Capital humain : le système de la formation professionnelle à revoir
À travers le deuxième axe de son programme de la prochaine mandature, le binôme à la tête de la CGEM entend surtout œuvrer pour accélérer la réforme du système de la formation professionnelle, avec une révision du cadre institutionnel et réglementaire (la loi 60-17) mais aussi via une réforme de sa gouvernance. Ce qui préoccupe le plus le binôme Alj-Tazi, c’est surtout la formation professionnelle continue qui n’a pas réussi à se développer au profit des entreprises, pourtant pourvoyeuses de la Taxe de la formation professionnelle (TFP), en raison des lourdeurs administratives dont souffre le dispositif des Contrats spéciaux de formation (CSF). Selon les données de la CGEM, de 2012 à 2022, les entreprises ont injecté 24 milliards de dirhams dans le système de formation professionnelle, participant du coup à plus de 80% du financement de la formation initiale qui a consommé plus de 17 milliards de dirhams. La PME n’en a consommé que 500 millions pour la formation continue de ses collaborateurs. Selon la présidence de la CGEM, cette forte pression sur les fonds de la TFP n’a pas permis à la formation continue de se développer. Rappelons que plusieurs tentatives de réforme ont été enclenchées à ce jour, mais sans succès.
La dernière en date, portée par la loi 60-17, n’a fait, selon la CGEM, que réitérer, voire renforcer, les dysfonctionnements chroniques dont souffre le dispositif de la formation continue, principalement au niveau des modes de gouvernance et de financement. Un système qui a perdu toute crédibilité auprès des entreprises, en raison de sa complexité, rendant les budgets alloués aux CSF non consommables. En effet, affirme le patronat, seul 1% des entreprises bénéficient du dispositif des contrats spéciaux de formation (soit 1.514 entreprises sur près de 188.000 assujetties à la TFP). Au titre de l’exercice 2020, par exemple, la quote-part des 30% réservée à la formation continue s’élevait à 719 millions de dirhams. La TPME n’en a consommé que 12,5% en formation de ses collaborateurs au même titre que les grandes entreprises qui, à contrario, bénéficient de procédures simplifiées.

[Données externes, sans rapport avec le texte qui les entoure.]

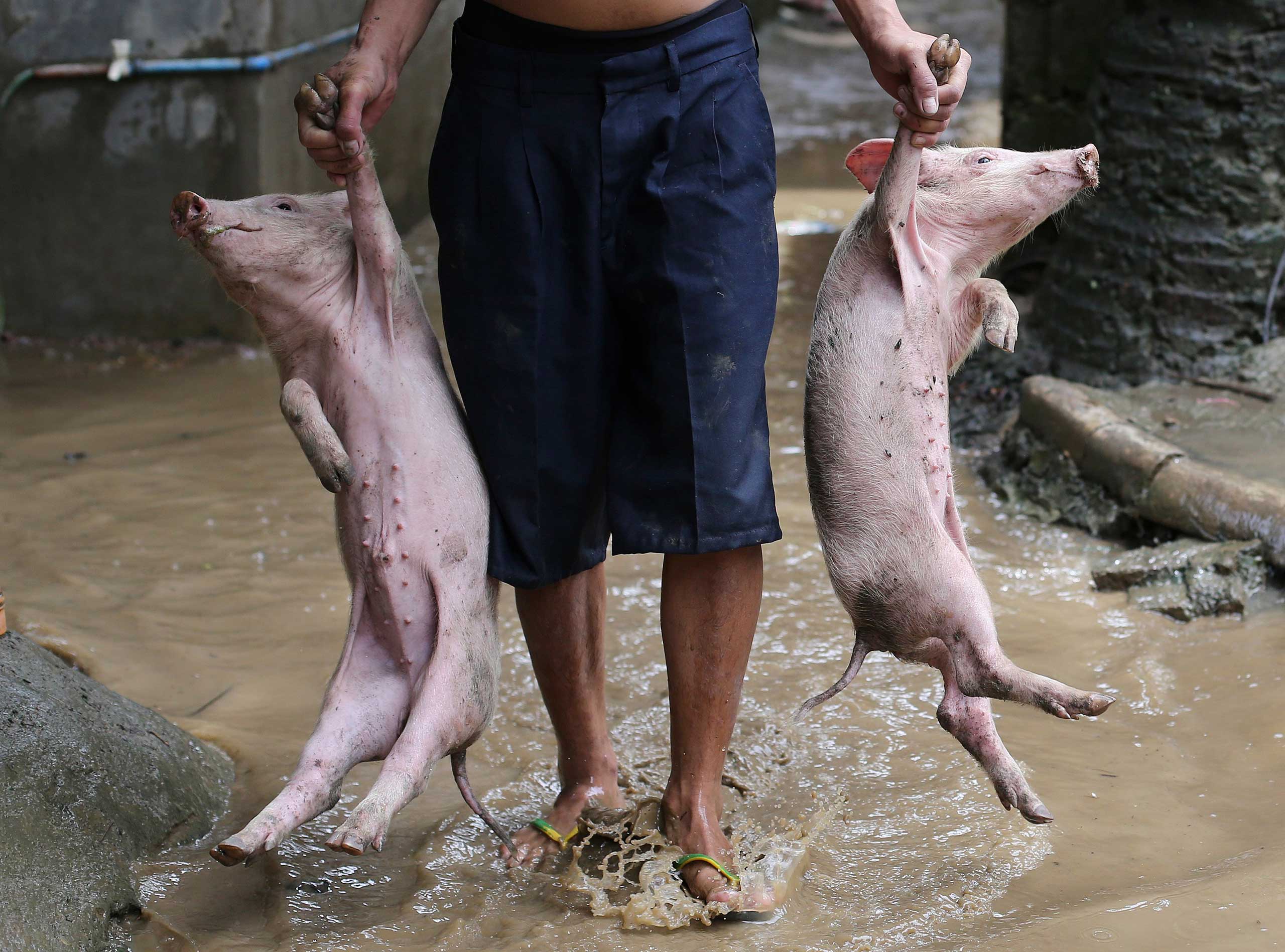 Sept. 15, 2014. Piglets are carried over floodwaters in suburban San Mateo, Philippines.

La TPME, force vive de l’économie marocaine, est la moins servie de ce système, déplore le binôme Alj-Tazi. Aujourd’hui, toutes les parties prenantes sont perdantes dans cette équation : l’entreprise, le salarié et l’État. La CGEM estime que l’entreprise a été dépossédée d’un atout majeur de compétitivité depuis plusieurs années et fait face à une situation d’obsolescence massive des compétences sur le marché du travail, qui ne peut perdurer. Son pilotage éparpillé entre différents opérateurs publics et privés, et reposant sur une logique de quantité au détriment de la qualité, ainsi qu’une offre de formation nationale concentrée autour d’un acteur unique, ont engendré une dissonance avec les besoins du marché du travail : en atteste le taux de chômage de 24,5% des lauréats de la FP en 2017. Pour faire converger l’offre et la demande, un système d’information prospective des compétences par branche couplé au système d’observation du marché du travail est nécessaire, selon la CGEM qui entend bien en faire une priorité de son prochain mandat. De même, la formation en milieu de travail reste très peu déployée en raison des difficultés d’ordre organisationnel, pédagogique et financier.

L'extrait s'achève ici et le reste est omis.